We want to run apache2 in the exact environment that /etc/init.d/apache2 start and apache2ctl start create. You could stare at the scripts and extract environment variables by hand, but this is time-consuming and error-prone. The elegant way to replicate the actions of the scripts is to replace the final call to apache2 with a stub that saves the complete environment, and then exec /usr/sbin/apache2 in that environment from the daemontools run script. To achieve this, one can rewrite apache2ctl (call it apache2ctl_fake) to invoke our stub, then rewrite /etc/init.d/apache2 to invoke apache2ctl_fake instead of the real apache2ctl. The stub itself can simply use env to dump the environment into a file.
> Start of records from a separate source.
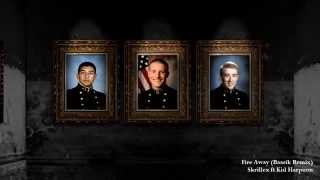 Skrillex - Fire Away (Baasik Remix)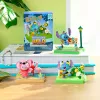 Just Play Happy Haul Stitch Goes Wild Collectible Fgire Blind Boxes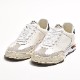 HERBIE low / Original Sole Leather Low-top Sneakers [ A09FW702 ] MIHARA YASUHIRO / �ߥϥ�䥹�ҥ�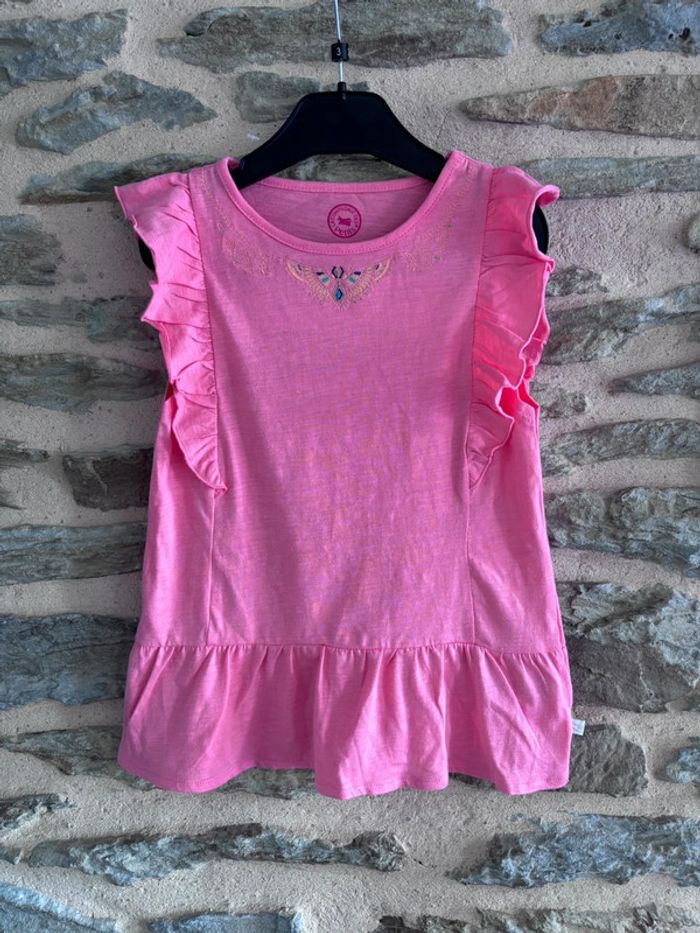 T-shirt la compagnie des petits 6 ans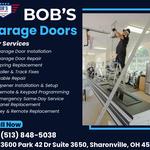 BOB’S Garage Doors - photo 1
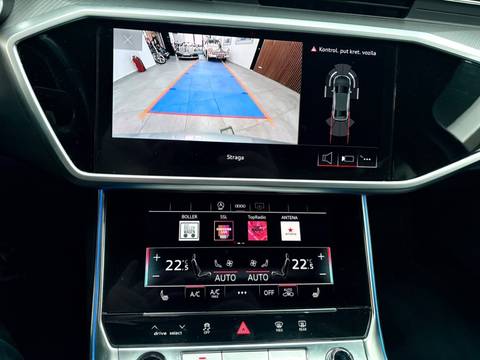 2022 Audi A6 — sličica 11
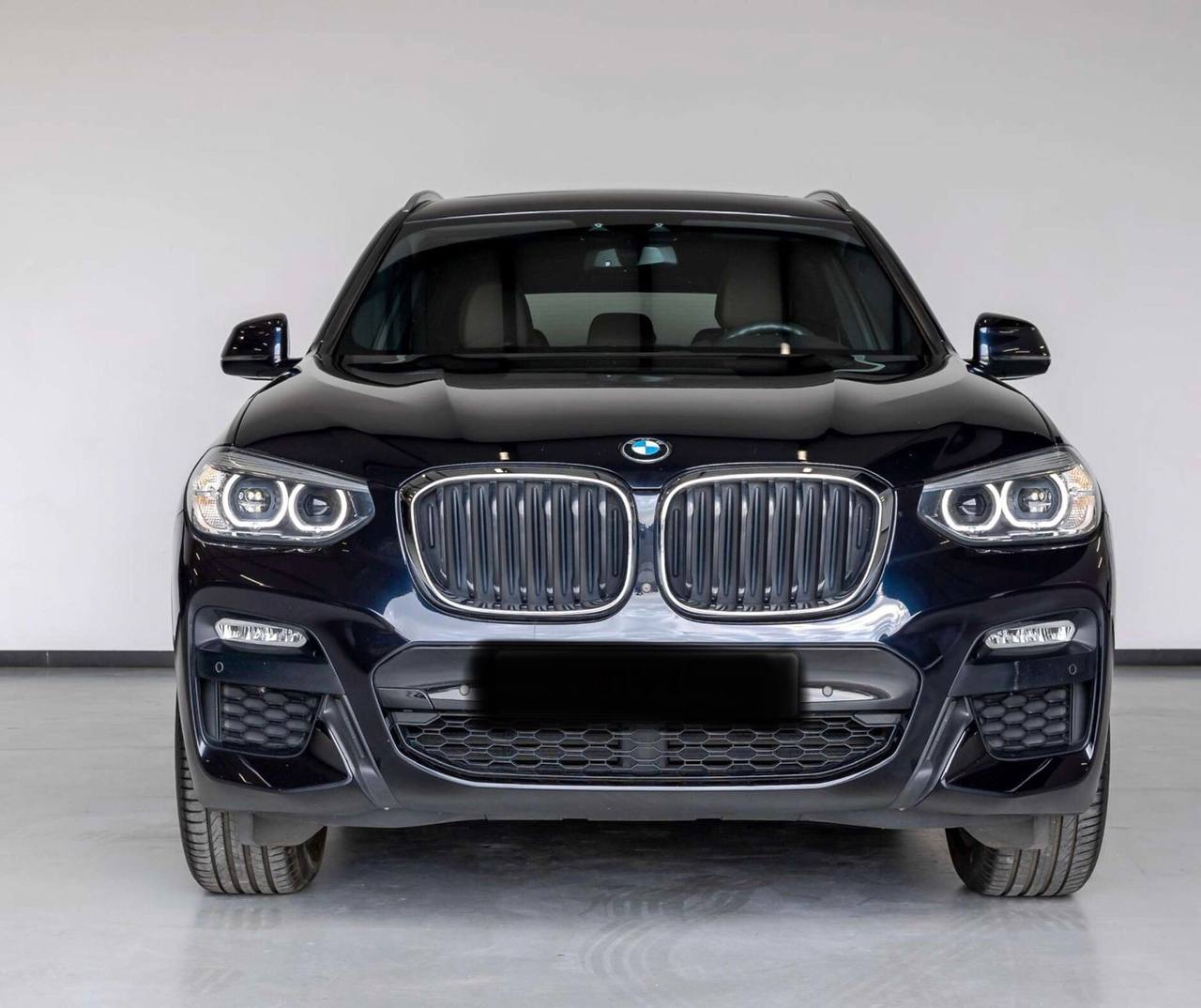 BMW X3 xDrive30i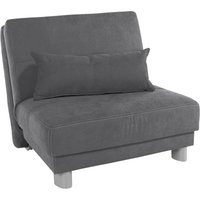 INOSIGN Schlafsofa "Gina" mit einem Handgriff vom Sofa zum Bett INOSIGN Schlafsofa "Gina" mit einem Handgriff vom Sofa zum Bett von Inosign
Putting all this together, we get

#!/bin/sh
exec 2>&1
NAME=apache2
# rewrite /etc/init.d/ script
cp "/etc/init.d/${NAME}" "/tmp/initd_${NAME}_fake"
perl -pi.bak -e \
  's@APACHE2CTL( start)@ENV /tmp/apache2ctl_fake$1@' \
  "/tmp/initd_${NAME}_fake"
# rewrite apache2ctl
{ echo '#!/bin/sh'; echo "APACHE_HTTPD=/tmp/${NAME}_fake";
  cat `which apache2ctl`; } >"/tmp/${NAME}ctl_fake"
# create stub
cat <<EOF >"/tmp/${NAME}_fake"
#!/bin/sh
/usr/bin/env >"/tmp/${NAME}_env.txt"
EOF
# execute fake init.d script
chmod a+x "/tmp/${NAME}_fake" "/tmp/${NAME}ctl_fake"
chmod a+x "/tmp/initd_${NAME}_fake"
"/tmp/initd_${NAME}_fake" start >/dev/null 2>&1
# prefix all encironment assignments with export
perl -ni.bak -e 's/^/export /; print unless /^export PWD=/' \
  "/tmp/${NAME}_env.txt"
# load environment
. "/tmp/${NAME}_env.txt"
# call the real apache2
exec /usr/sbin/apache2 -k start -DNO_DETACH -DNO_DAEMONIZE

Note that the final crude “environment reload” trick only works for environment variables with no spaces in their values, because env does not quote assignments and/or escape quotes, i.e. it doesn't output VAR="value with \"nasty\" stuff". For more thorough handling one could generate output in the style of daemontools' envdir and use that tool to exec apache2.